§ **The input**:
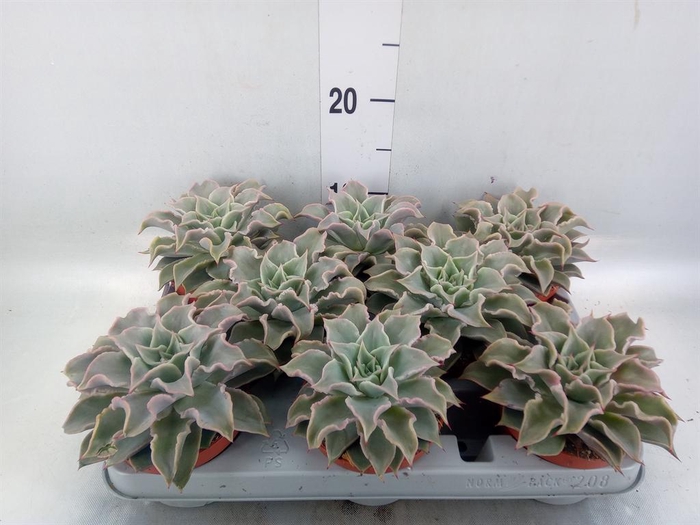 <h4>Echeveria   ...</h4>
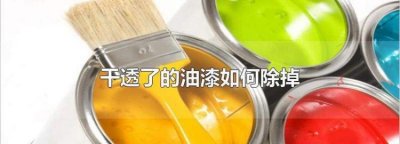 ​干透了的油漆如何除掉,衣服上干透了的油漆如何除掉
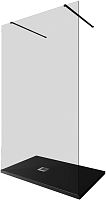 Душевая перегородка Allen Brau INFINITY 3.21046.BBA.T Душевая перегородка Allen Brau INFINITY 3.21046.BBA.T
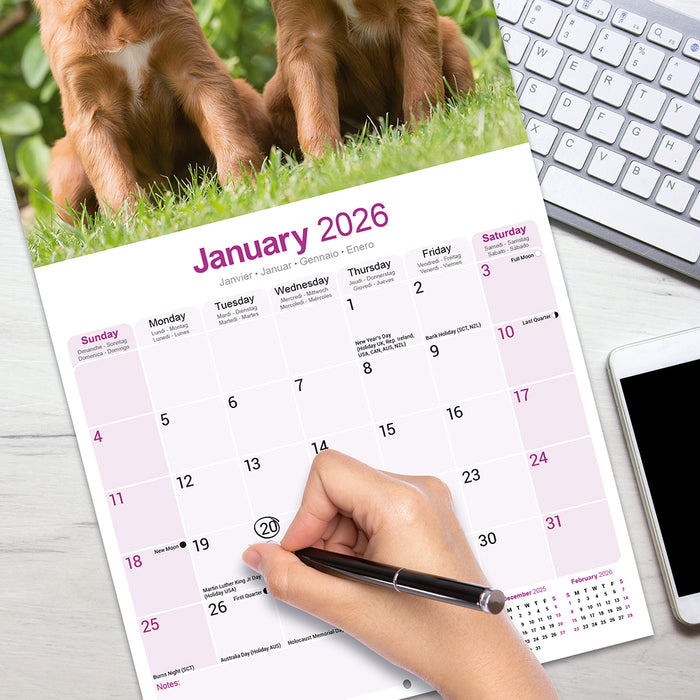 Irish Setter 2026 Square Wall Calendar (Online Exclusive)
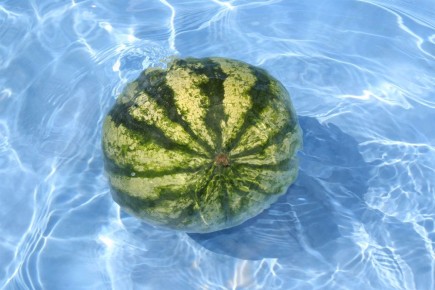 ������ �� ����� ��������� ����� � ����: ������� ����� � ���������� ������������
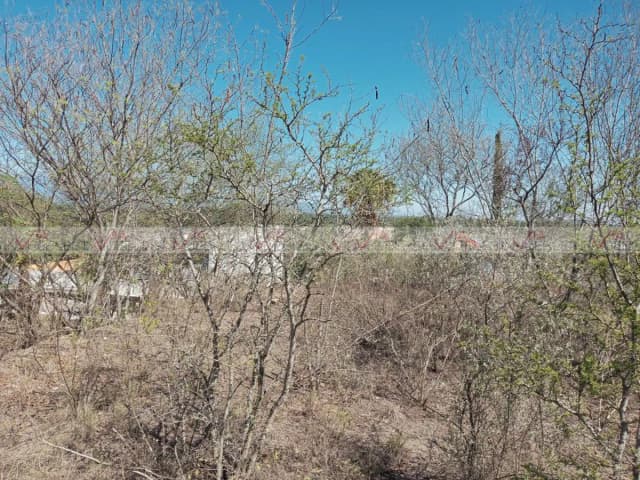 Terreno en Venta en Montemorelos Centro, Montemorelos, Nuevo León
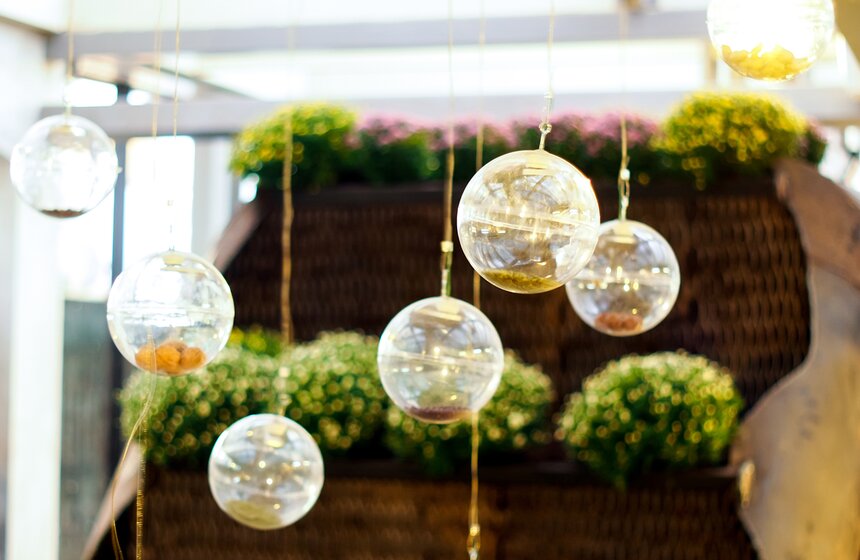 Гости увидят ритуальный танец прорастания семян, заспиртованные в сосудах объекты, натюрморты, звуковые скульптуры и многое другое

§ **What you have to do**: Leave the pictures aside and output each entry exactly as it stands.

§ **Written answer**:
 <h4>Echeveria   ...</h4>
 ​干透了的油漆如何除掉,衣服上干透了的油漆如何除掉
 Душевая перегородка Allen Brau INFINITY 3.21046.BBA.T Душевая перегородка Allen Brau INFINITY 3.21046.BBA.T
 Irish Setter 2026 Square Wall Calendar (Online Exclusive)
 ������ �� ����� ��������� ����� � ����: ������� ����� � ���������� ������������
 Terreno en Venta en Montemorelos Centro, Montemorelos, Nuevo León
 Гости увидят ритуальный танец прорастания семян, заспиртованные в сосудах объекты, натюрморты, звуковые скульптуры и многое другое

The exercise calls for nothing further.